Oldest Original Steinway Piano, patented 1858
Oldest Original Steinway Piano, patented 1858
In January 2003, Steinway & Sons launched a promotional campaign celebrating their 150th anniversary. Between January and June 2003, they were in search of the oldest surviving upright and grand piano in private hands, with a reward of a full restoration or trade for an equivalent new piano by Steinway to the contest winners. Square pianos were deemed obsolete and were disqualified from entry, though a nod was given to anyone with a very old one, which would be printed at the announcement of the winner.
The family of Harold and Virginia (Ginger) Krueger heard about the contest, and Steve Bird of Steinway Piano Galleries in San Antonio, accompanied by Charles Ball, RPT, inspected the piano. Steinway and Sons validated the piano’s age via some digital pictures, and the piano won the contest, just in time for the awards ceremony at Carnegie Hall on Thursday, June 5. This win kicked off a series of discussions with Steinway, Christie’s Auction House, and others, resulting in the piano being listed for $10 million!
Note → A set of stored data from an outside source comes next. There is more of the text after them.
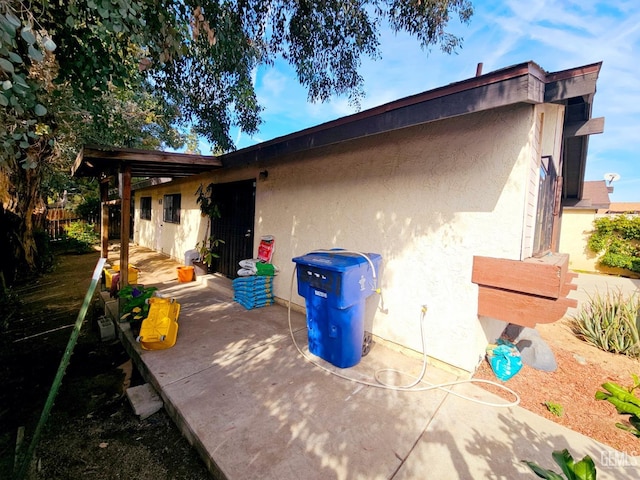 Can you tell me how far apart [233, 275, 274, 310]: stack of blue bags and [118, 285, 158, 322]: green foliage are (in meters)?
1.43

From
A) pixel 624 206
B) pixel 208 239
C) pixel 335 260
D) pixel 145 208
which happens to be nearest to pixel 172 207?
pixel 208 239

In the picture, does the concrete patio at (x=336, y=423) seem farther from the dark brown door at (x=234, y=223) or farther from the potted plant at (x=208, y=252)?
the potted plant at (x=208, y=252)

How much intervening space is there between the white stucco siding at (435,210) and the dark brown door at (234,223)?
2.30 metres

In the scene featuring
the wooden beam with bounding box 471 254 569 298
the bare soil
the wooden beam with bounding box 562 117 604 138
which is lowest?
the bare soil

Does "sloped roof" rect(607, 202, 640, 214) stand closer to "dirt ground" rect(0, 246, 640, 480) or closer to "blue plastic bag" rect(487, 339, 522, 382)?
"dirt ground" rect(0, 246, 640, 480)

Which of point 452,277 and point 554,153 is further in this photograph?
point 554,153

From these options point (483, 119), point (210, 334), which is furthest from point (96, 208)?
point (483, 119)

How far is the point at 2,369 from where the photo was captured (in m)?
3.14

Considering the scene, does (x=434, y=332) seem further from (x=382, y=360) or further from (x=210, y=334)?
(x=210, y=334)

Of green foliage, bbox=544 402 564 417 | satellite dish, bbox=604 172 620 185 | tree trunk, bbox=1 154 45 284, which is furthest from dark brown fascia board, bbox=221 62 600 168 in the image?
satellite dish, bbox=604 172 620 185

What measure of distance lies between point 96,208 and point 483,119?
63.1ft

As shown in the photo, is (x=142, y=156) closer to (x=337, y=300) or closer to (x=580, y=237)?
(x=337, y=300)

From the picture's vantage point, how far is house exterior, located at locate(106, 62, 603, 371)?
244 cm

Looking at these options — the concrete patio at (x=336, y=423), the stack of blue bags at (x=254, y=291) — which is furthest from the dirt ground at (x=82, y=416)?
the stack of blue bags at (x=254, y=291) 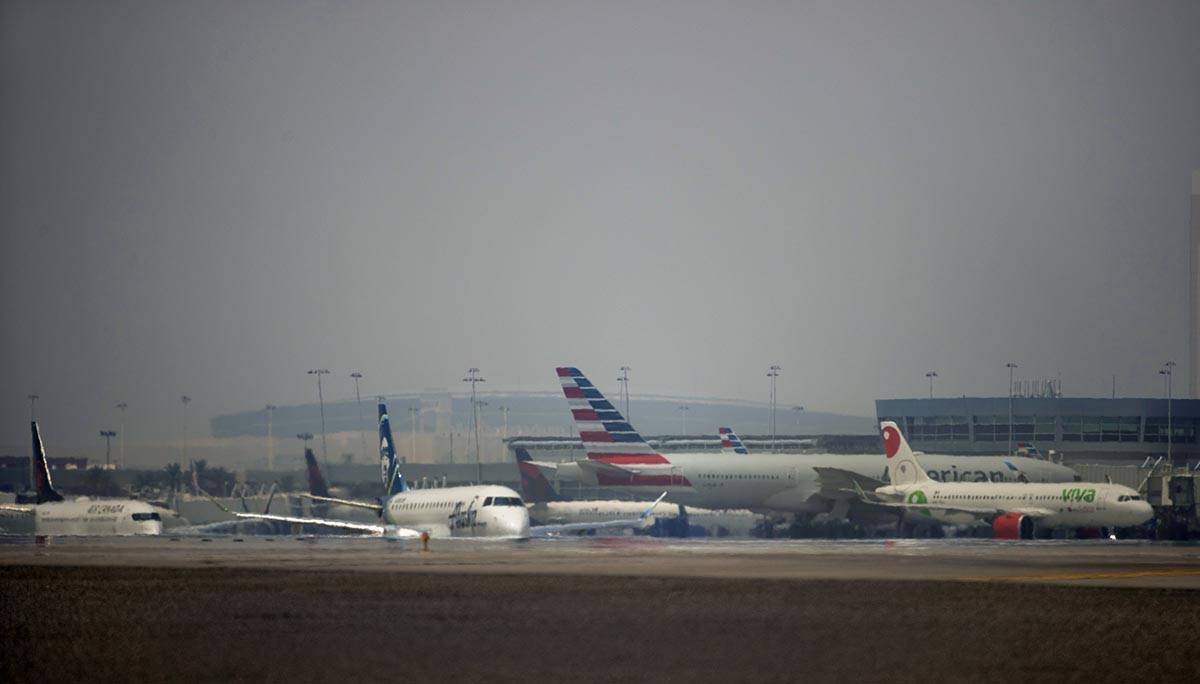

In 2017 the family began to look again for a home for the piano, and the author was drawn into the conversation by several curators across the country, with the then-new Carolina Music Museum as a possible candidate institution to take it. Negotiations progressed through 2018, and in early 2019 a deal was struck, which was made possible by former CMM Board President and CMM co-founder Steven Bichel, who would become the legal owner of the piano. It was brought directly to the Carolina Music Museum for display and study.
When it was first sold, the piano was shipped from Chicago, Illinois, by Gustavus Meyer in 1859/1860. A high-wealth individual in Lexington Missouri, he is in the 1870 US census listed as “Grocer” and from Hanover.
The piano passed through the same family to Virginia and Harold Kruger in 1984, and they were the last of the family to own the piano.